A guide to intermediate awk scripting

Learn how to structure commands into executable scripts.

This article explores awk's capabilities, which are easier to use now that you know how to structure your command into an executable script.

Logical operators and conditionals

You can use the logical operators and (written &&) and or (written ||) to add specificity to your conditionals.

For example, to select and print only records with the string "purple" in the second column and an amount less than five in the third column:

$2 == "purple" && $3 < 5 {print $1}

If a record has "purple" in column two but a value greater than or equal to 5 in column three, then it is not selected. Similarly, if a record matches column three's requirement but lacks "purple" in column two, it is also not selected.

Next command

Say you want to select every record in your file where the amount is greater than or equal to eight and print a matching record with two asterisks (**). You also want to flag every record with a value between five (inclusive) and eight with only one asterisk (*). There are a few ways to do this, and one way is to use the next command to instruct awk that after it takes an action, it should stop scanning and proceed to the next record.

Here's an example:

NR == 1 {
  print $0;
  next;
}

$3 >= 8 {
  printf "%s\t%s\n", $0, "**";
  next;
}

$3 >= 5 {
  printf "%s\t%s\n", $0, "*";
  next;
}

$3 < 5 {
  print $0;
}

BEGIN command

The BEGIN command lets you print and set variables before awk starts scanning a text file. For instance, you can set the input and output field separators inside your awk script by defining them in a BEGIN statement. This example adapts the simple script from the previous article for a file with fields delimited by commas instead of whitespace:

#!/usr/bin/awk -f
#
# Print each record EXCEPT
# IF the first record contains "raspberry", 
# THEN replace "red" with "pi"

BEGIN {
	FS=",";
}

$1 == "raspberry" {
	gsub(/red/,"pi")
}

END command

The END command, like BEGIN, allows you to perform actions in awk after it completes its scan through the text file you are processing. If you want to print cumulative results of some value in all records, you can do that only after all records have been scanned and processed.

The BEGIN and END commands run only once each. All rules between them run zero or more times on each record. In other words, most of your awk script is a loop that is executed at every new line of the text file you're processing, with the exception of the BEGIN and END rules, which run before and after the loop.

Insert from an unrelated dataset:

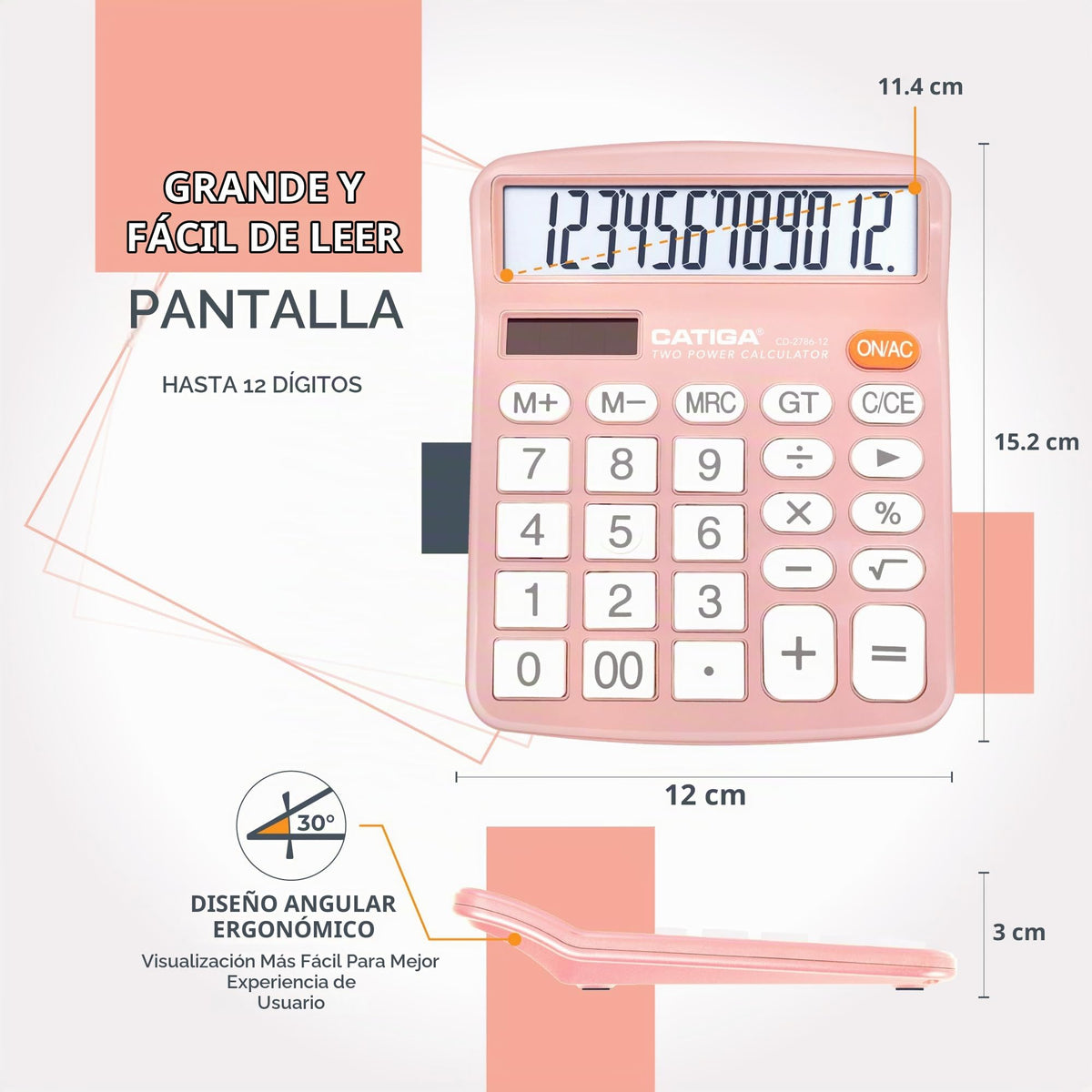 Calculadora de Escritorio CATIGA Azul Pantalla LCD Grande de 12 Dígitos para Oficina, Hogar y Escuela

Here is an example that wouldn't be possible without the END command. This script accepts values from the output of the df Unix command and increments two custom variables (used and available) with each new record.

$1 != "tempfs" {
    used += $3;
    available += $4;
}

END {
    printf "%d GiB used\n%d GiB available\n", used/2^20, available/2^20;
}

Save the script as total.awk and try it:

df -l | awk -f total.awk

The used and available variables act like variables in many other programming languages. You create them arbitrarily and without declaring their type, and you add values to them at will. At the end of the loop, the script adds the records in the respective columns together and prints the totals.

Math

As you can probably tell from all the logical operators and casual calculations so far, awk does math quite naturally. This arguably makes it a very useful calculator for your terminal. Instead of struggling to remember the rather unusual syntax of bc, you can just use awk along with its special BEGIN function to avoid the requirement of a file argument:

$ awk 'BEGIN { print 2*21 }'
42
$ awk 'BEGIN {print 8*log(4) }'
11.0904

Admittedly, that's still a lot of typing for simple (and not so simple) math, but it wouldn't take much effort to write a frontend, which is an exercise for you to explore.

This article is adapted from an episode of Hacker Public Radio, a community technology podcast.